Au-delà des titres gagnés,  c’est le maintien avec le FC Metz en 2004, qui correspond également à ma réelle éclosion chez les pros, qui représente mon meilleur souvenir en tant que joueur. En ce qui concerne mon meilleur souvenir supporter, c’est France 98, et la fiesta qu’on a pu faire dans les rues ! C’est surtout à ce moment-là que je me suis rendu compte de l’impact que peux avoir le football dans notre société.

Et les pires ?
En tant que joueur, mon pire souvenir reste notre descente en ligue 2 avec le FC Metz. De manière générale, ceux que j’ai en tant que supporter sont l’ensemble des tragédies dont nous avons pu être témoins lors de matchs de football : les décès de joueurs sur le terrain, la catastrophe de Furiani, les conséquences dramatiques des bagarres entre supporters…

A choisir parmi tous les championnats, lequel préfères-tu suivre et pourquoi ?
Parmi les championnats les plus réputés, je suis de plus en plus attiré par la Bundesliga. Les stades sont modernes avec une affluence constante. Et les allemands ont un football qui me séduit, il y a beaucoup de rythme, le jeu va vers l’avant, il y a gros niveau athlétique.

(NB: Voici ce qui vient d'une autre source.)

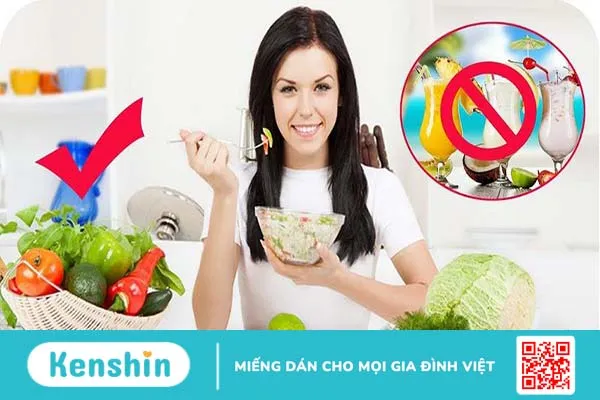 Tìm hiểu chỉ số HbA1c NGSP là gì? Tại sao cần phải kiểm soát chỉ số HbA1c? 4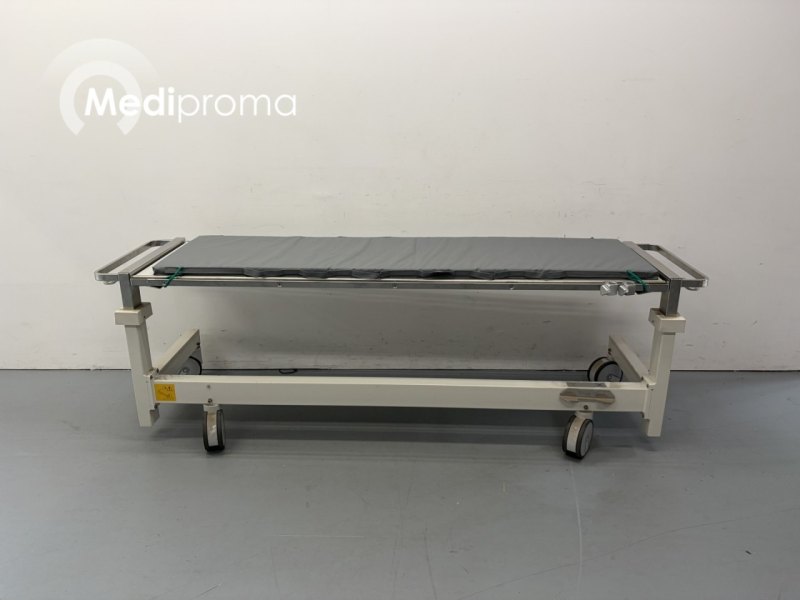 Philips Traumob X Stretcher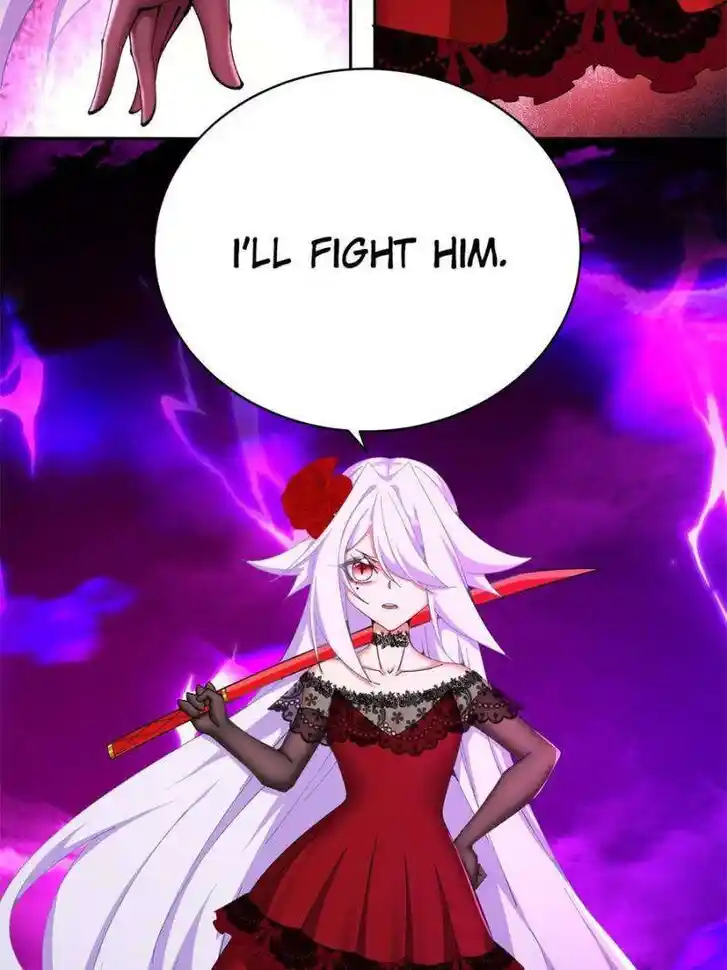 I Picked up an Attribute Ch.385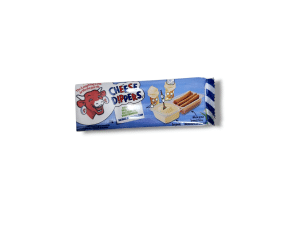 The Laughing Cow Cheese Dippers (35g)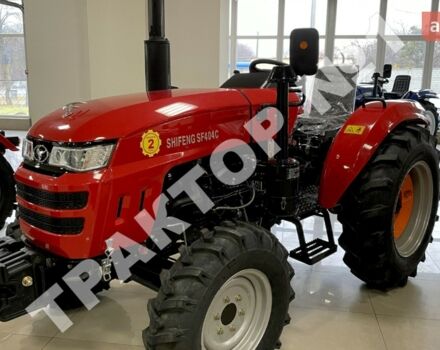 Shifeng SF-404C, об'ємом двигуна 0 л та пробігом 0 тис. км за 7300 $, фото 10 на Automoto.ua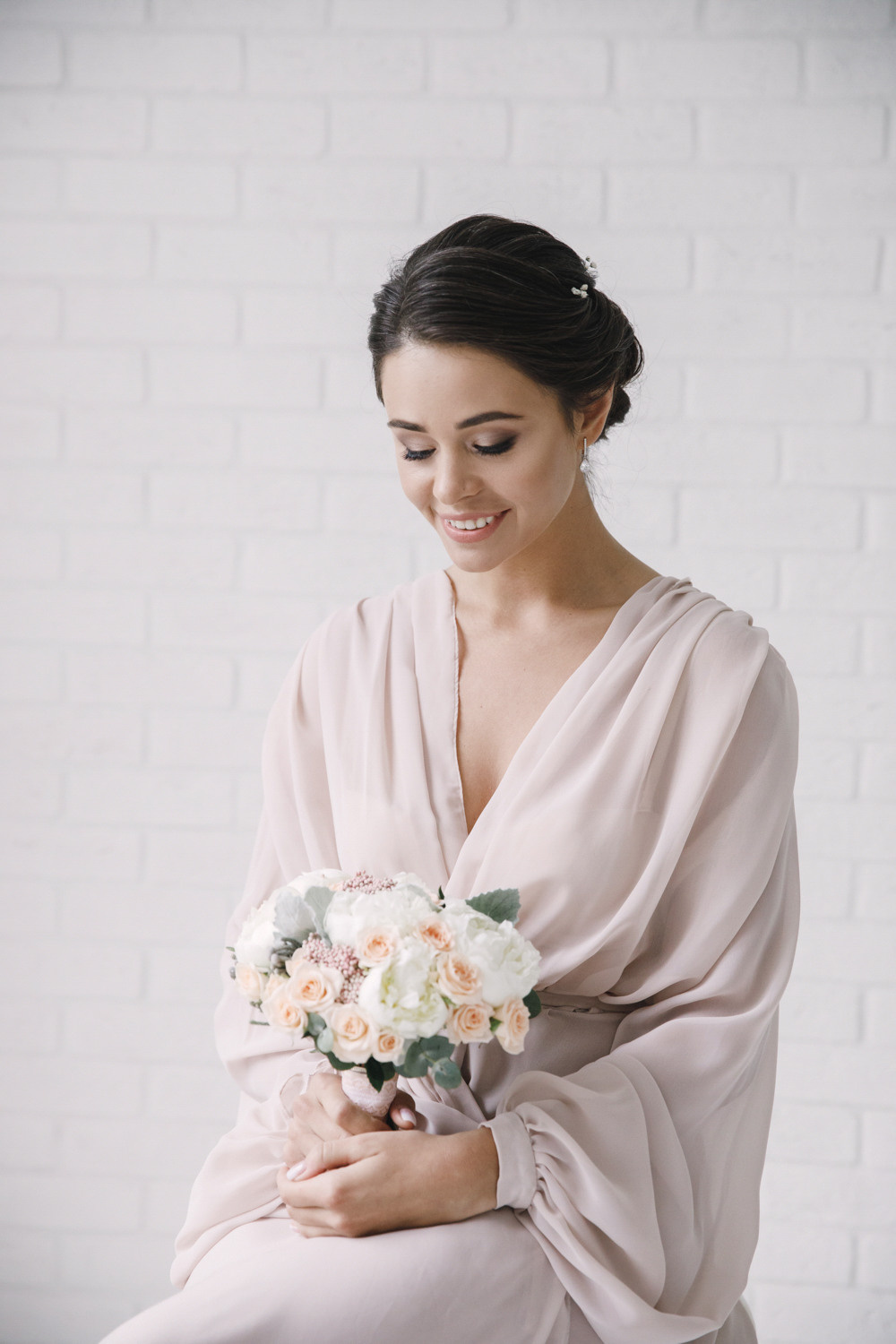 Дима и Даша. Свадебный фотограф Виктория Монахова Москва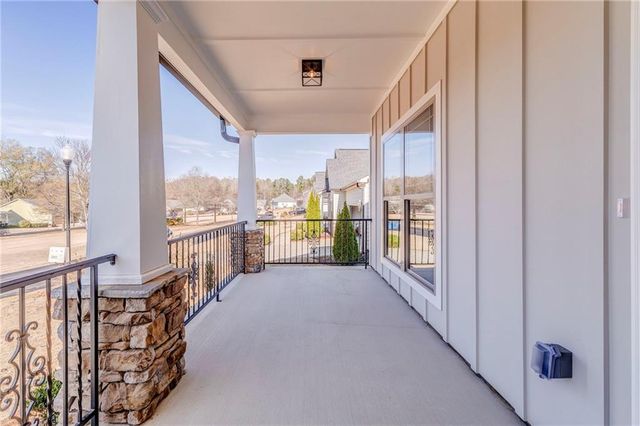 6 Tahlequah NE Street, Rome, GA 30161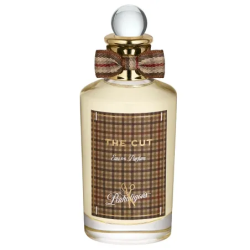 The Cut Eau de Parfum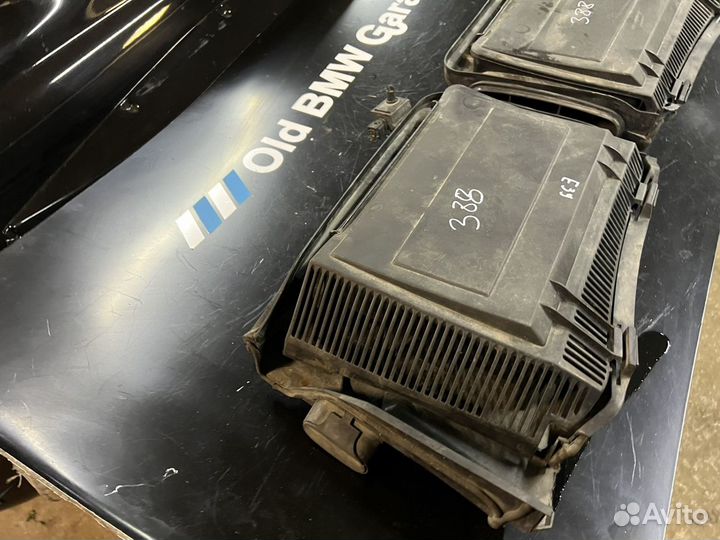 Корпус салонного фильтра bmw e39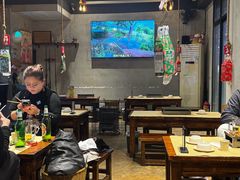 -来自葫芦岛的葫芦娃全碳烧烤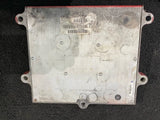 2006 Cummins ISX Diesel Engine Control Module, ECM, ECU, 3684008, 3684009, CM870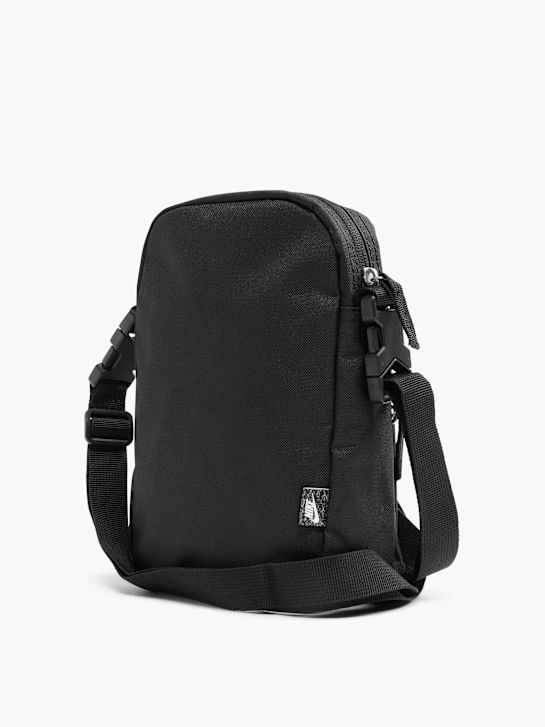 Nike Umhängetasche Schwarz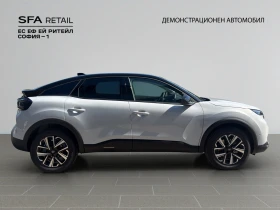 ����� �� �������� �� Citroen C4 MCA MAX HYBRID 145 AT ������ �������� �� 07.2031 �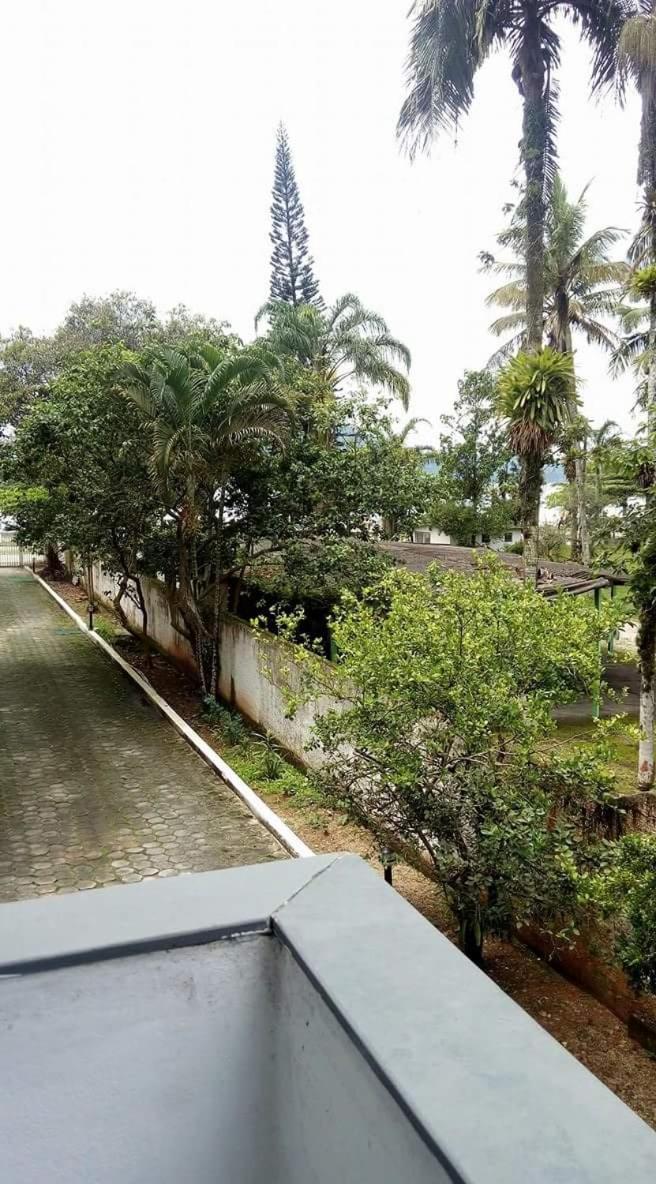 Ubatuba Apartamento Maurilio Dış mekan fotoğraf
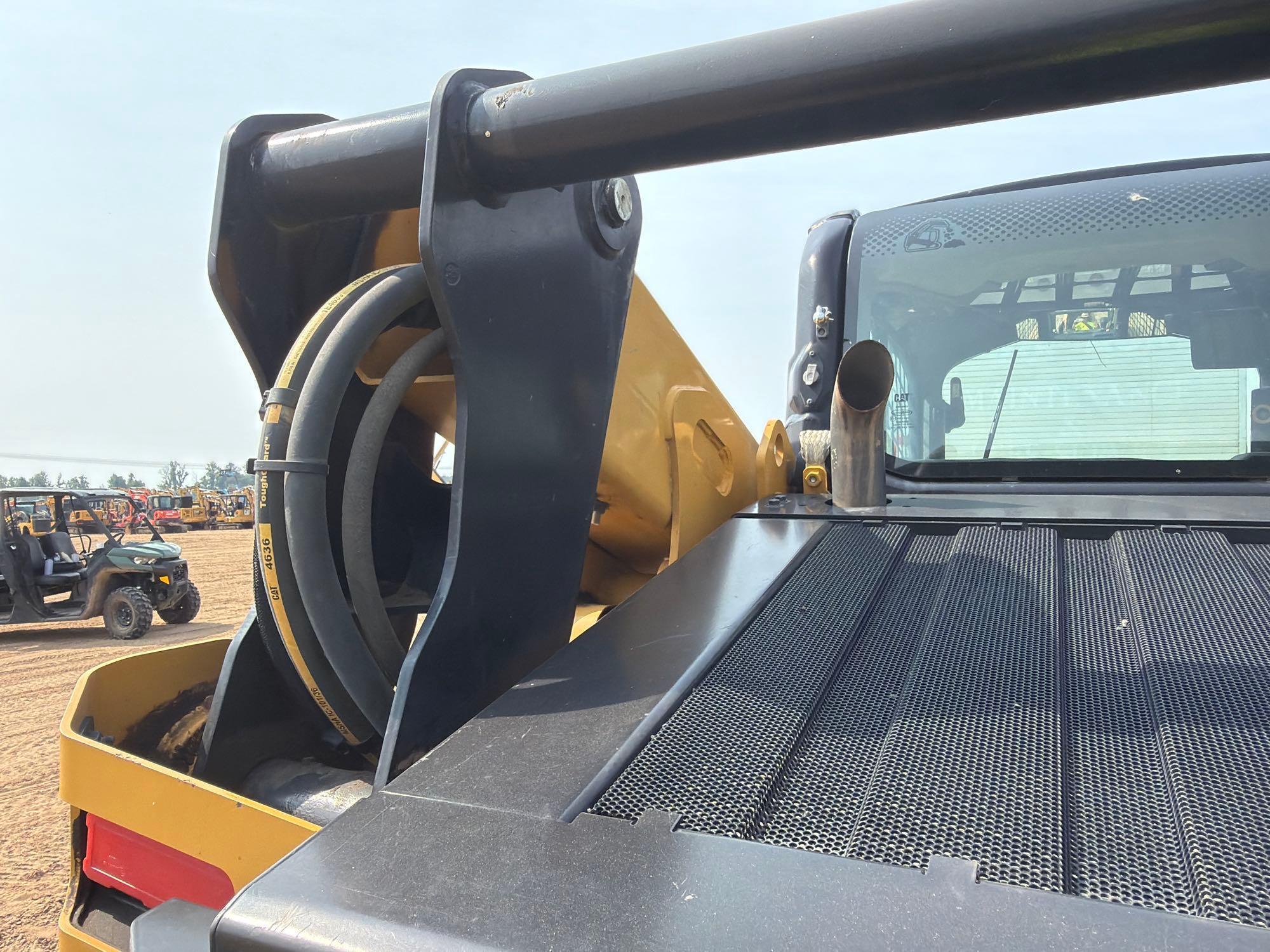2024 Caterpillar 265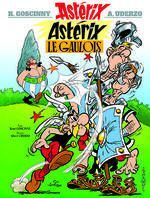 ASTERIX LE GAULOIS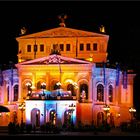 Opernhaus - Frankfurt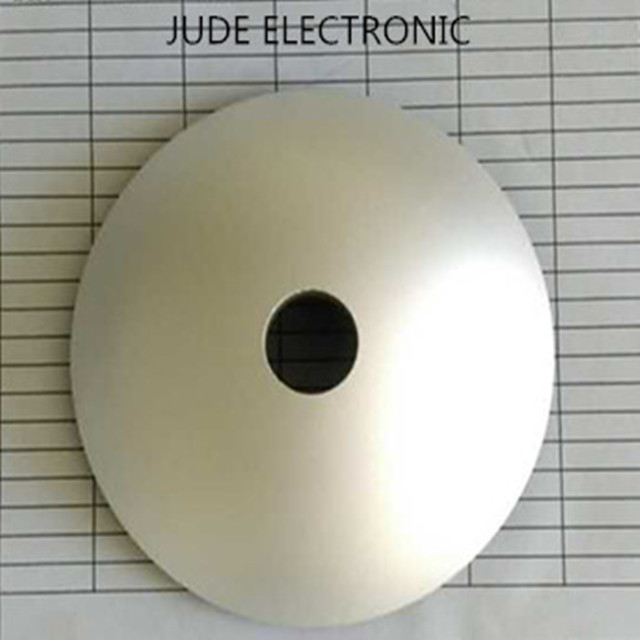 HIFU PZT超音波美容機器圧電セラミックス球形キャップ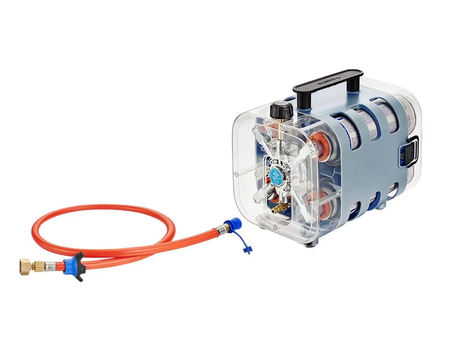 Zasilacz gazowy Cadac Quad Power Pak 30mbar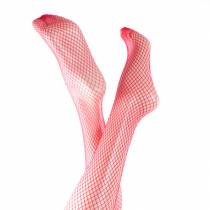 BAS RESILLE DIM UP 4 BANDES ROUGE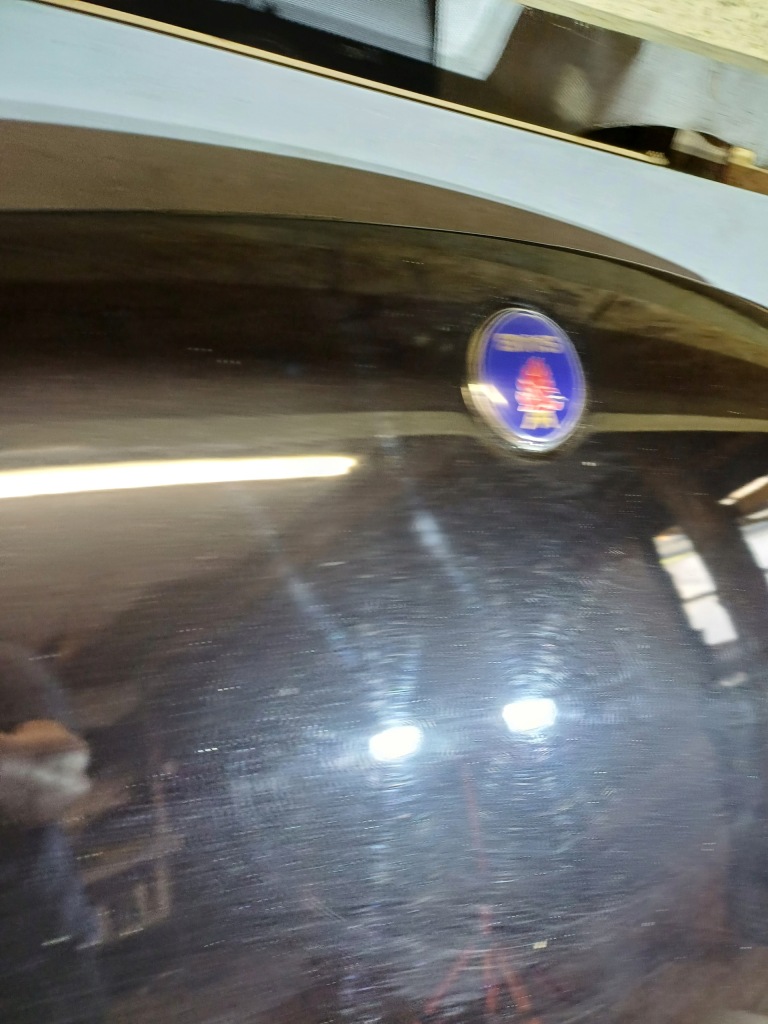 Купити Капот saab 9-3 кабріолет  kod 170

Le meilleur entraîneur selon toi, qu’il soit actuel ou passé, c’est qui ?
Le meilleur entraîneur est pour moi Jose Mourhino, pour l’ensemble de son œuvre.

La vidéo dans le foot, pour ou contre ? Tu es plutôt Michel Platini ou Sepp Blatter ?
Je suis pour la vidéo dans le football, même si je trouve certains arguments pertinents dans la bouche de ceux qui sont contre. Le niveau de compétition est de plus en plus élevé. La vitesse et l’intensité des matchs vont devoir être assumées par les corps arbitraux. Je pense que c’est inévitable sur la durée et j’espère simplement que cela ne va pas trop dénaturer ce sport.

Tu as l’air de préparer le terrain pour ton avenir, avec la formation en Marketing des Organisations Sportives que tu suis… Dans dix ans, tu te vois comment ?
 Dans dix ans, j’aurai peut-être un rôle différent dans le football. En revanche même si ça paraît comme étant une suite logique, passer mes diplômes d’entraîneur et de management ne me garantie pas obligatoirement un avenir dans le football. Entre temps, il est possible que je change de direction et que j’éprouve l’envie de faire autre chose. Néanmoins, j’avoue que j’aurais du mal à m’extirper du ballon rond. 


LE VESTIAIRE DU LOSC VU PAR FRANCK BERIA

Le plus chambreur : Je ne suis pas mauvais dans cet exercice…
Le plus calme : Idrissa Gueye
Le plus nerveux : Florent Balmont
Le plus sérieux : David Rozehnal
Le plus cultivé : Malheureusement, aucun joueur à part Grégory Dupont, notre préparateur physique.
Le plus Playboy : Marko Basa
Le plus marrant : Laurent Bonnart
Le plus timide : Adama Soumaoro (jeune joueur).